Take the data from its first line. Print each line exactly until the line containing "Device for centrifugally" has been printed too.

═══ Material to process ═══

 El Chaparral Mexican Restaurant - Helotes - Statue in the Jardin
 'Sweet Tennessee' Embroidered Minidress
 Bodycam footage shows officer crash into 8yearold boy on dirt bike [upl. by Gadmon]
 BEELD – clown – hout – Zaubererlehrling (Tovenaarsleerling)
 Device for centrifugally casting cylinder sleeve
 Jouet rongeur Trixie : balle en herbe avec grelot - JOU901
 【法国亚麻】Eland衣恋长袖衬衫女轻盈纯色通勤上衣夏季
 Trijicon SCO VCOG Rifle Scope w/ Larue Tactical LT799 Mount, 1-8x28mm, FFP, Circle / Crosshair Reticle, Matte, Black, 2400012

═══

§ Response
 El Chaparral Mexican Restaurant - Helotes - Statue in the Jardin
 'Sweet Tennessee' Embroidered Minidress
 Bodycam footage shows officer crash into 8yearold boy on dirt bike [upl. by Gadmon]
 BEELD – clown – hout – Zaubererlehrling (Tovenaarsleerling)
 Device for centrifugally casting cylinder sleeve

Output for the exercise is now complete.